Task goal – Every entry should come back exactly as written, minus the pictures.

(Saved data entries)
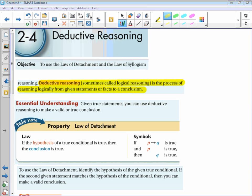Let's talk about the Law of Detachment. If the hypothesis of a true conditional is true, then the conclusion is true. So if 'p then q' is true and p is true, then you know the conclusion is going to be true. To use the Law of Detachment, identify the hypothesis of a given true conditional. If the second given statement matches the hypothesis of the conditional, then you can make a valid conclusion.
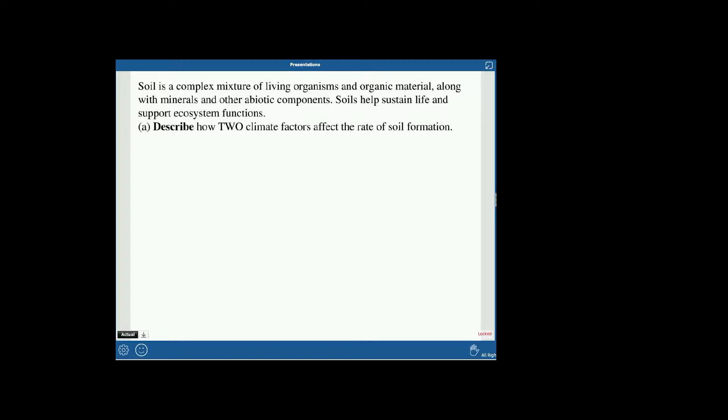So let's see what they want — we know it's going to be about soil. They say: describe how two climate factors affect the rate of soil formation. There are a few things that relate to climate. If you have one and want to join in, feel free. We could talk about precipitation — that helps.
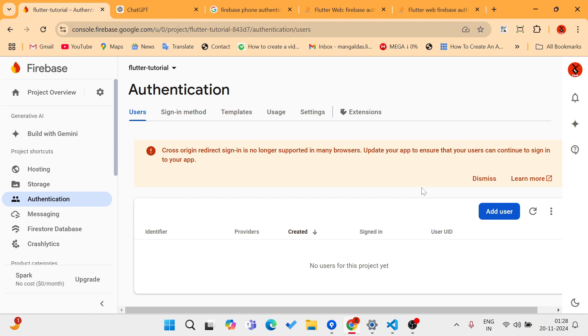It was like hell for three days. After researching in ChatGPT, Stack Overflow, and all over the internet, I found the solution on a website called ready.com, which saved me so much time.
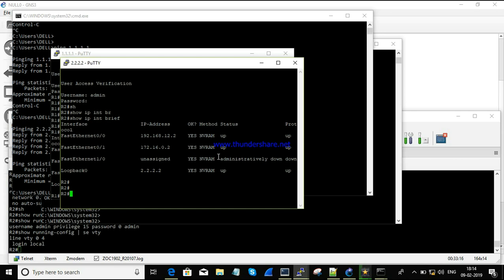This is the way you need to telnet a GNS3 router from your Windows machine or from a physical device. I hope you understand what I've demonstrated. That's it about telnetting GNS3 routers from a Windows machine. If you have any queries, just leave a comment. Thanks for watching — until next time.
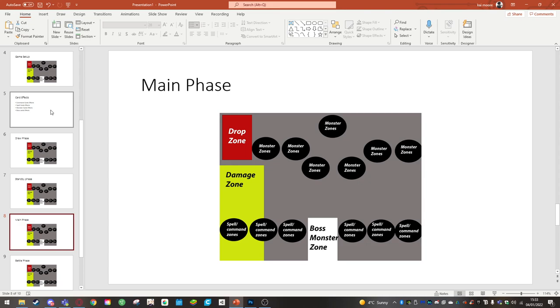And on top of that, you roll a dice and whatever the number that dice lands on is how many monsters you summon at the cost of half their attack and defense.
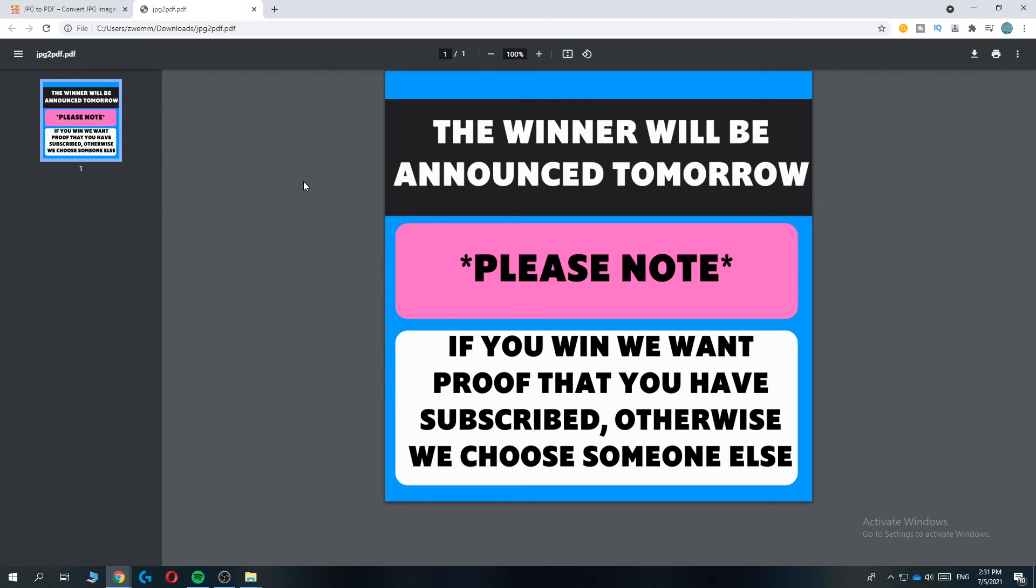If this video helped you out, please leave a like, please subscribe, and see you next time. Have a good day!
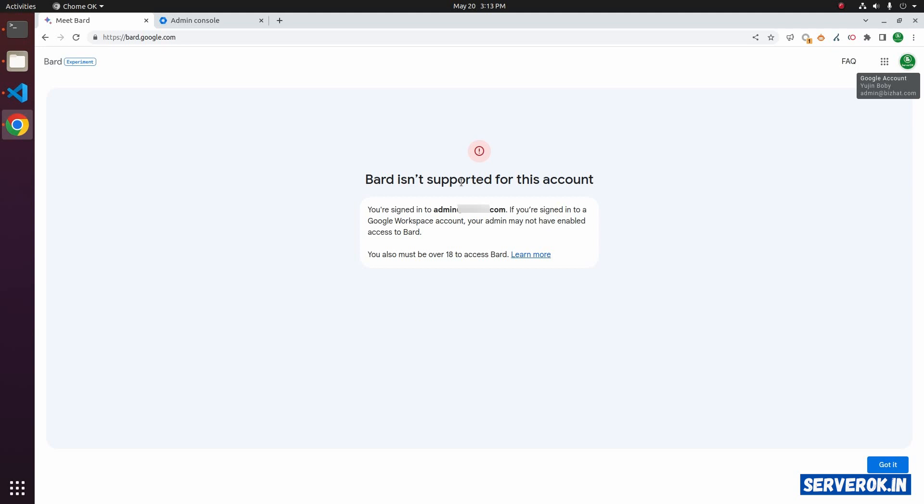In this video, I will show how to enable Bard on Google Workspace. Bard is ChatGPT alternative from Google.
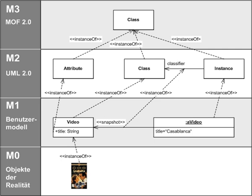Kermeta is an extension to MOF allowing executable actions to be attached to EMOF meta-models, hence making it possible to also model a DSL operational semantics and readily obtain an interpreter for it.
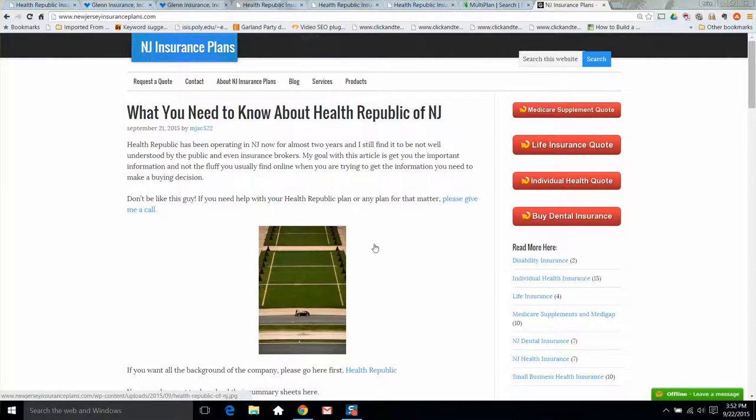Hi everyone, this is Mike. Today I'm going to do a short video on Health Republic of New Jersey. I recently wrote a short blog post on Health Republic because we've been getting a lot of questions on these plans and it seems like there's not too much information out there. So I'm going to tell you at least what I know and hopefully that will help you pick your plan for New Jersey.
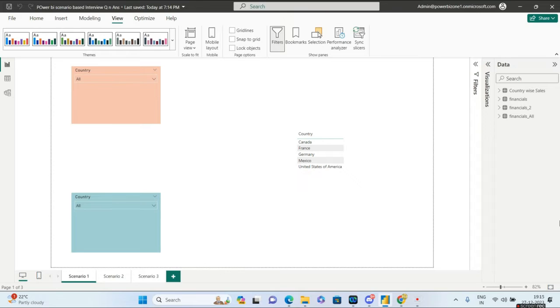Hello guys and welcome to Power BI Zone. Today we take a look at some of the most important Power BI scenario-based interview questions and their answers. Let us go to scenario number one.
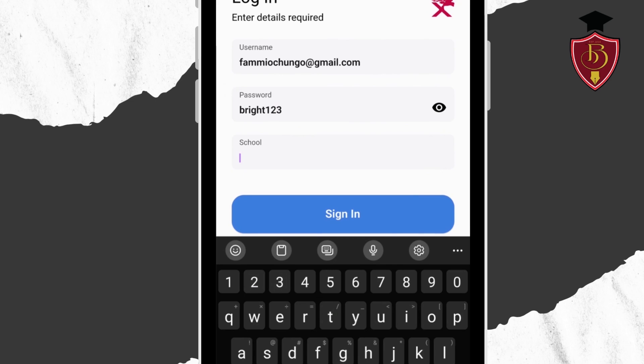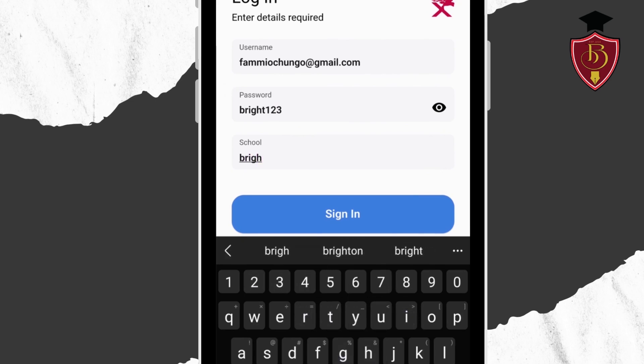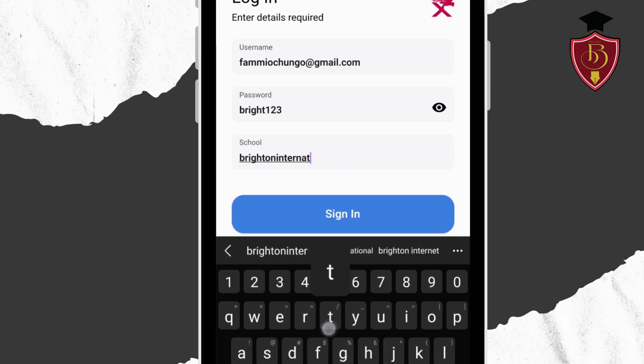Then, at our school section type in our school URL which is brightoninternational.sc.ke.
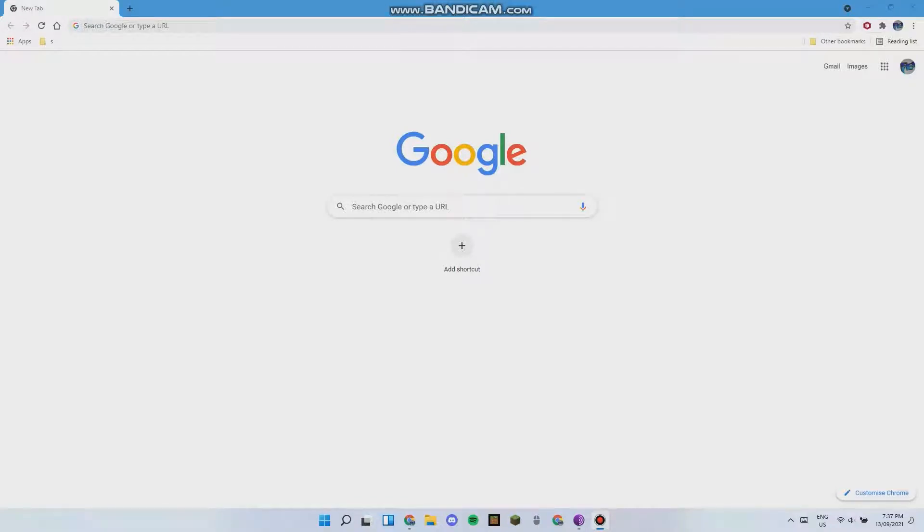Hello everyone and welcome back to another video. Today I will be showing you how to hack the Chrome Dino game, but before we begin please like and subscribe and share with all of your friends.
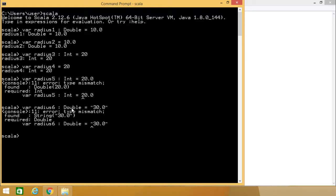There are two types of variables possible in different languages, one of them will be suitable for each and every language. In case of Java and in case of Scala we go for statically typed variables, but in case of JavaScript and Python we usually go for dynamically typed variables.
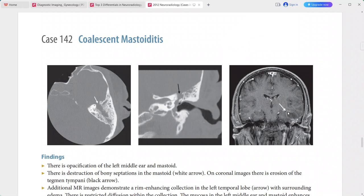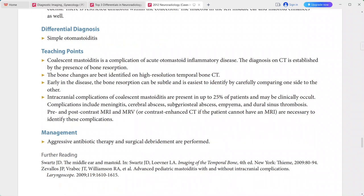Additional MRI images demonstrate a rim-enhancing collection in the left temporal lobe with surrounding edema and restricted diffusion within the collection. The mucosa in the left middle ear and mastoid is enhancing. This is a case of coalescent mastoiditis. Differentials include simple otomastoiditis.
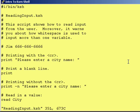Hey everybody, this is Jim and welcome back to Introduction to Cornshell. In the first lesson we went over how you print out information from a Cornshell script to the screen. In the second lesson, we went over how you take information and store it into a variable.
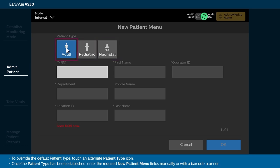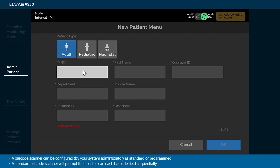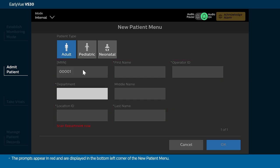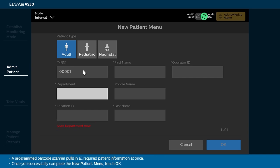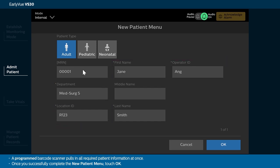Once the patient type has been established, enter the required New Patient menu fields manually or with a barcode scanner. A barcode scanner can be configured by your system administrator as standard or programmed. A standard barcode scanner will prompt the user to scan each barcode field sequentially. The prompts appear in red and are displayed in the bottom left corner of the New Patient menu.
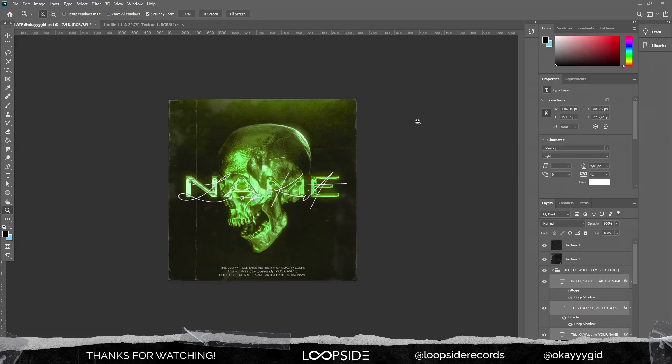That's pretty much it for this video! I really hope you guys learned something. Make sure to check out this template — it has a bunch of textures, fonts, and everything you need to level up your loop kit covers. Shout out to Loopside Records for making this happen. Make sure to check out our Instagram — my Instagram is also gonna be in the description below. See you soon, guys — peace!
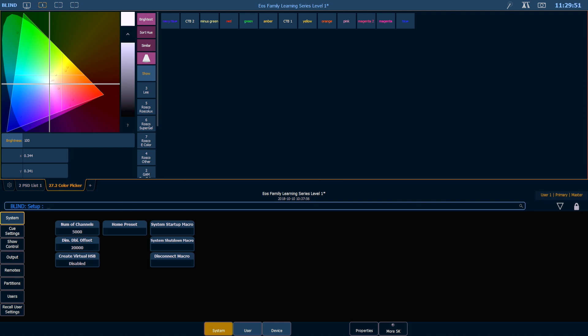In the main system area, the number of channels defaults to 5,000. If you're not using that many channels, you can change that to a lower number, and that will help you not have to page through all the excess channels.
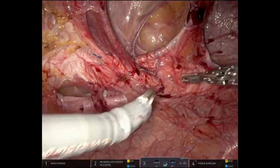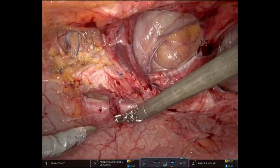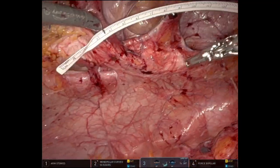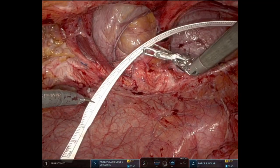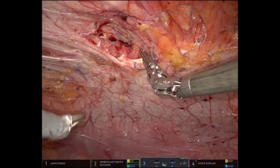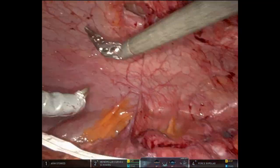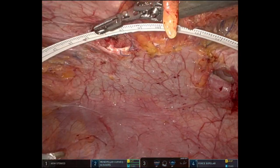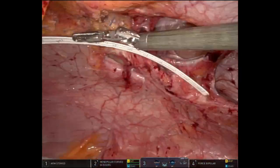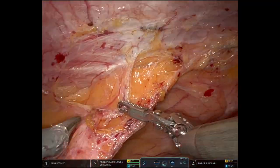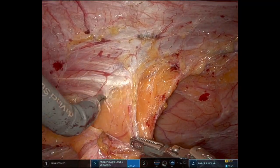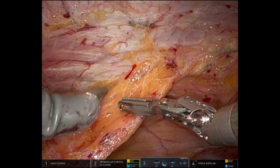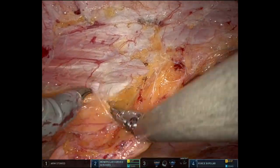Hello everyone. Here I'm performing a preperitoneal hernia repair on a patient with a large incisional hernia — a recurrent hernia, actually. The hernia defect measures about 20 by 8 centimeters in the region of M2, M3, and M4 by AHS classification.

Task solution –
Let's talk about the Law of Detachment. If the hypothesis of a true conditional is true, then the conclusion is true. So if 'p then q' is true and p is true, then you know the conclusion is going to be true. To use the Law of Detachment, identify the hypothesis of a given true conditional. If the second given statement matches the hypothesis of the conditional, then you can make a valid conclusion.
So let's see what they want — we know it's going to be about soil. They say: describe how two climate factors affect the rate of soil formation. There are a few things that relate to climate. If you have one and want to join in, feel free. We could talk about precipitation — that helps.
It was like hell for three days. After researching in ChatGPT, Stack Overflow, and all over the internet, I found the solution on a website called ready.com, which saved me so much time.
This is the way you need to telnet a GNS3 router from your Windows machine or from a physical device. I hope you understand what I've demonstrated. That's it about telnetting GNS3 routers from a Windows machine. If you have any queries, just leave a comment. Thanks for watching — until next time.
And on top of that, you roll a dice and whatever the number that dice lands on is how many monsters you summon at the cost of half their attack and defense.
If this video helped you out, please leave a like, please subscribe, and see you next time. Have a good day!
In this video, I will show how to enable Bard on Google Workspace. Bard is ChatGPT alternative from Google.
Kermeta is an extension to MOF allowing executable actions to be attached to EMOF meta-models, hence making it possible to also model a DSL operational semantics and readily obtain an interpreter for it.
Hi everyone, this is Mike. Today I'm going to do a short video on Health Republic of New Jersey. I recently wrote a short blog post on Health Republic because we've been getting a lot of questions on these plans and it seems like there's not too much information out there. So I'm going to tell you at least what I know and hopefully that will help you pick your plan for New Jersey.
Hello guys and welcome to Power BI Zone. Today we take a look at some of the most important Power BI scenario-based interview questions and their answers. Let us go to scenario number one.
Then, at our school section type in our school URL which is brightoninternational.sc.ke.
Hello everyone and welcome back to another video. Today I will be showing you how to hack the Chrome Dino game, but before we begin please like and subscribe and share with all of your friends.
There are two types of variables possible in different languages, one of them will be suitable for each and every language. In case of Java and in case of Scala we go for statically typed variables, but in case of JavaScript and Python we usually go for dynamically typed variables.
Additional MRI images demonstrate a rim-enhancing collection in the left temporal lobe with surrounding edema and restricted diffusion within the collection. The mucosa in the left middle ear and mastoid is enhancing. This is a case of coalescent mastoiditis. Differentials include simple otomastoiditis.
Hey everybody, this is Jim and welcome back to Introduction to Cornshell. In the first lesson we went over how you print out information from a Cornshell script to the screen. In the second lesson, we went over how you take information and store it into a variable.
Once the patient type has been established, enter the required New Patient menu fields manually or with a barcode scanner. A barcode scanner can be configured by your system administrator as standard or programmed. A standard barcode scanner will prompt the user to scan each barcode field sequentially. The prompts appear in red and are displayed in the bottom left corner of the New Patient menu.
That's pretty much it for this video! I really hope you guys learned something. Make sure to check out this template — it has a bunch of textures, fonts, and everything you need to level up your loop kit covers. Shout out to Loopside Records for making this happen. Make sure to check out our Instagram — my Instagram is also gonna be in the description below. See you soon, guys — peace!
In the main system area, the number of channels defaults to 5,000. If you're not using that many channels, you can change that to a lower number, and that will help you not have to page through all the excess channels.
Hello everyone. Here I'm performing a preperitoneal hernia repair on a patient with a large incisional hernia — a recurrent hernia, actually. The hernia defect measures about 20 by 8 centimeters in the region of M2, M3, and M4 by AHS classification.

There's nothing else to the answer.